Reconciled to receive and Reproduce God’s love
This brings us back to this idea that Christianity is not just a personal relationship with Jesus…
The Bible tells us that our relationship with God is only genuine if God’s love is reproduced as a result of that relationship — and not just a love for God, but a love for other people as well.
We love because he first loved us. Whoever claims to love God yet hates a brother or sister is a liar. For whoever does not love their brother and sister, whom they have seen, cannot love God, whom they have not seen. And he has given us this command: Anyone who loves God must also love their brother and sister. - 1 John 4:19-21 (NIV)

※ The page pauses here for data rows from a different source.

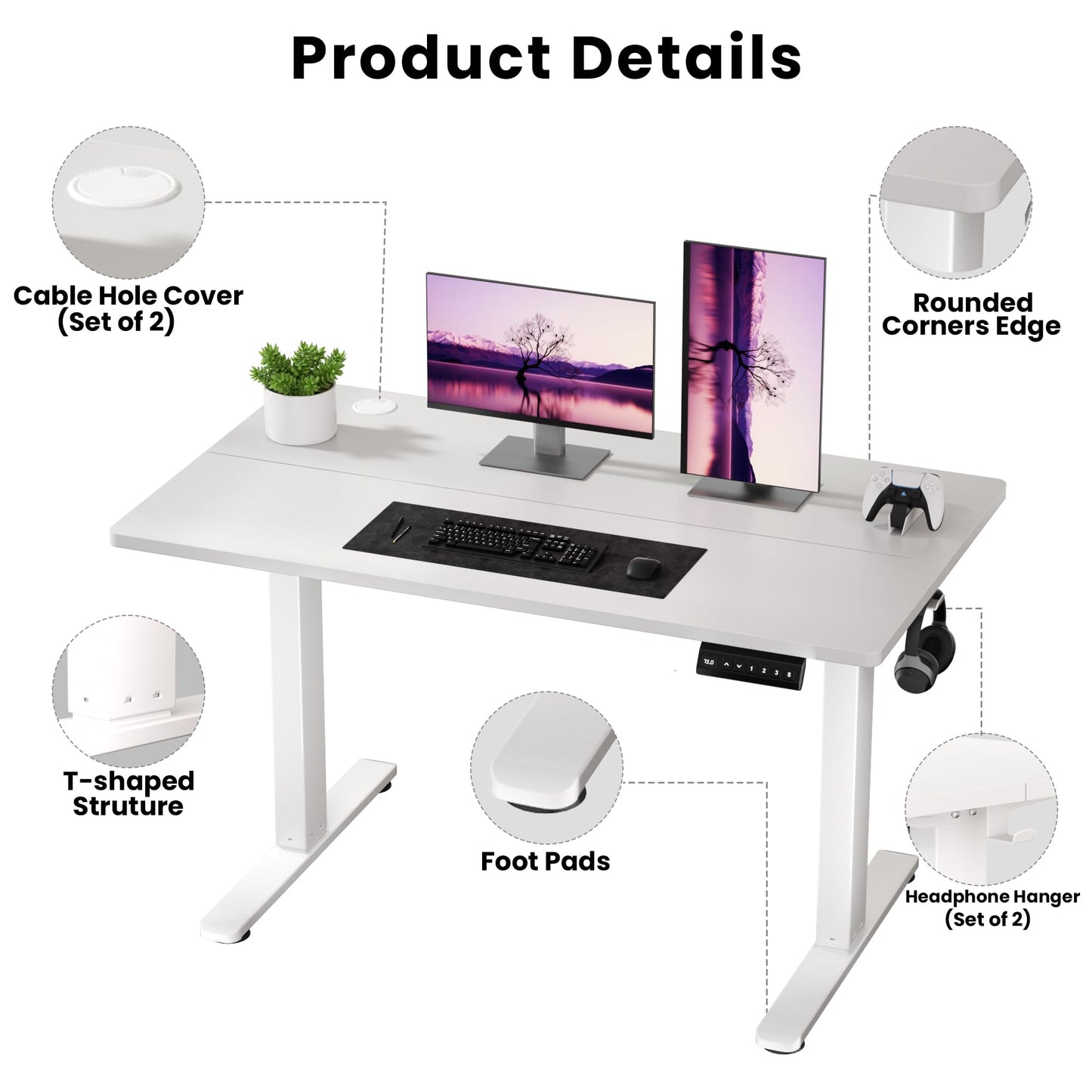 CROWNFURN Adjustable Electric Standing Desk 48x24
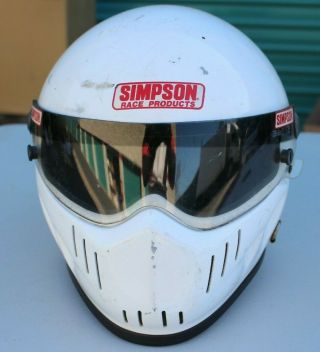 Vintage 1990 Simpson Racing Whitefull Face Motorcycle Racing Helmet Stormtrooper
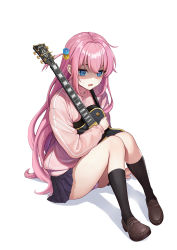 Rule 34 | 1girl, @ @, absurdres, arm support, black socks, blue eyes, blush, bocchi the rock!, brown footwear, cube hair ornament, electric guitar, full body, gibson les paul, gloom (expression), gotoh hitori, guitar, cube hair ornament, hair ornament, highres, holding, holding instrument, instrument, jacket, kneehighs, loafers, long hair, one side up, open mouth, panties, pink hair, pink jacket, pink panties, pleated skirt, shoes, sitting, skirt, socks, solo, sweat, track jacket, underwear, wish-tf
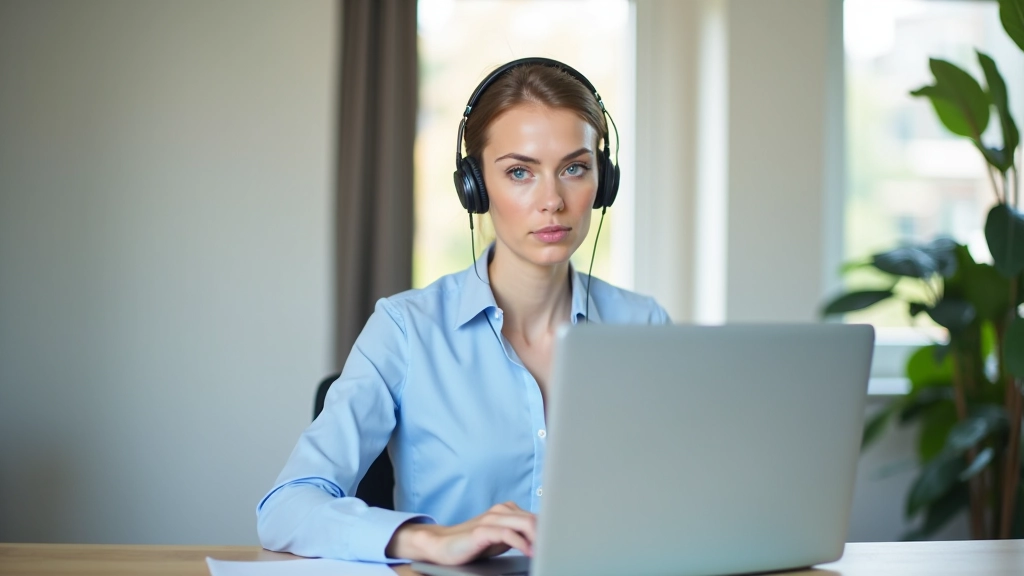 Professionele vrouw in videoconferentie, koptelefoon op, concentratie op gezicht, thuiskantoor met groene plant achtergrond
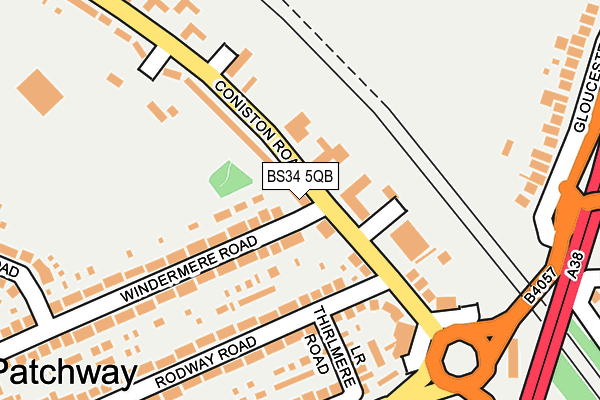 BS34 5QB map - OS OpenMap – Local (Ordnance Survey)
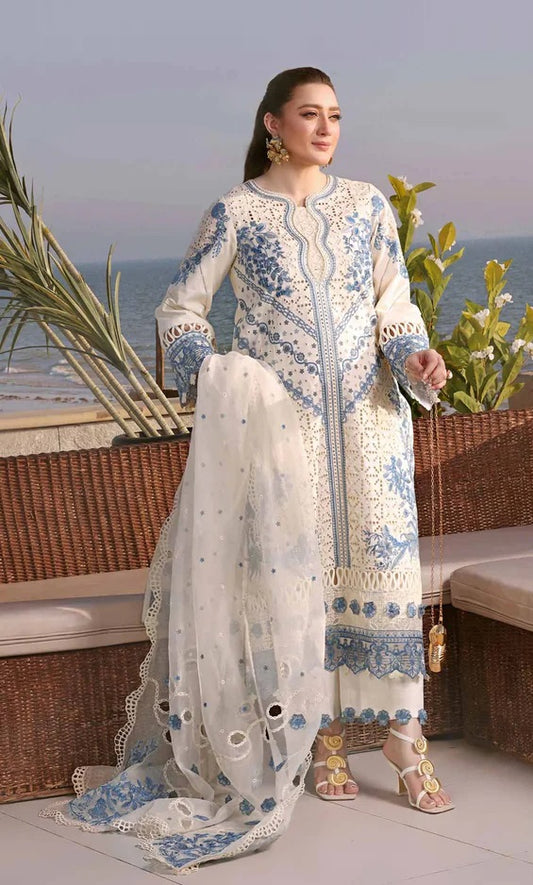 ANEELAS Luxury Chikankari Embroidered Lawn 3PC Unstitched Suit AL-101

According to these verses, our love for others should flow out of a love for God, because of a love that comes from God. And consequently, our love should look like God’s love, not our own. (Remember the new command? “As Jesus loved,” not “as we love”…)
But perhaps you’re wondering how big of a deal this whole loving others thing is. Maybe, (like me) you’re not a big “people person,” in your flesh; and maybe you’re hoping (like I used to hope) that there’s an exception for some of us to love God and simply tolerate other people.
Well, the Bible speaks to that…
We know that we have passed from death to life, because we love each other. Anyone who does not love remains in death. - 1 John 3:14. (NIV)
Dear friends, let us love one another, for love comes from God. Everyone who loves has been born of God and knows God. Whoever does not love does not know God, because God is love. - 1 John 4:7-8 (NIV)
According to these verses, whether or not we love other people is a very big deal, to the point that our love for others is actually the evidence of our faith. And likewise, if we have a lack of love for other people, that’s evidence that we’re not truly a Christian (a follower of Jesus) at all, or at the very least, we’re resisting the work that God wants to do in us to transform us into the likeness of Jesus.
See, not only does our love for other people serve as the evidence of our salvation. As Christians, our love for others should serve as proof to the world that Jesus is who He said He is — particularly if we’re loving other people the way He loves us.
“A new commandment I give to you, that you love one another: just as I have loved you, you also are to love one another. By this all people will know that you are my disciples, if you have love for one another.” - Jesus (John 13:34-35 (ESV)
As those who have been reconciled to God and received His love for us, how seriously we take this calling to love other people is the difference between a watching world seeing Jesus or just seeing people who really don’t look any different than them.
Has anyone besides me noticed that, by and large, the way Christians are loving one another (or anyone else, for that matter) nowadays hasn’t turned a whole lot of people on to Christianity? That should cause us to stop and ask some hard questions, and to consider the possibility that we haven’t been living up to our calling as Christians. And if that’s true of us personally — if our love for others hasn’t looked like Jesus’ love for us — then it’s time for us to repent and to do things differently moving forward.
Love’s redemption story
You and I were created to be loved and to love. Then came sin, and with sin, lovelessness.
But God never stopped loving us (John 3:16)! And He made a way for us to be reconciled to Him, so that we could receive His amazing, unrelenting, redeeming love!
And when you and I receive the love of God, and we truly understand what it means — the weight of it, and the world-changing power it carries — we should not be able to contain it or keep it to ourselves!
God’s love received by us, when reproduced in us, can lead other to receive His redeeming love for themselves.
So, my fellow Jesus followers, let us love one another (1 John 4:7), that our lives might be proof to a watching world that Jesus is the answer (John 13:35)!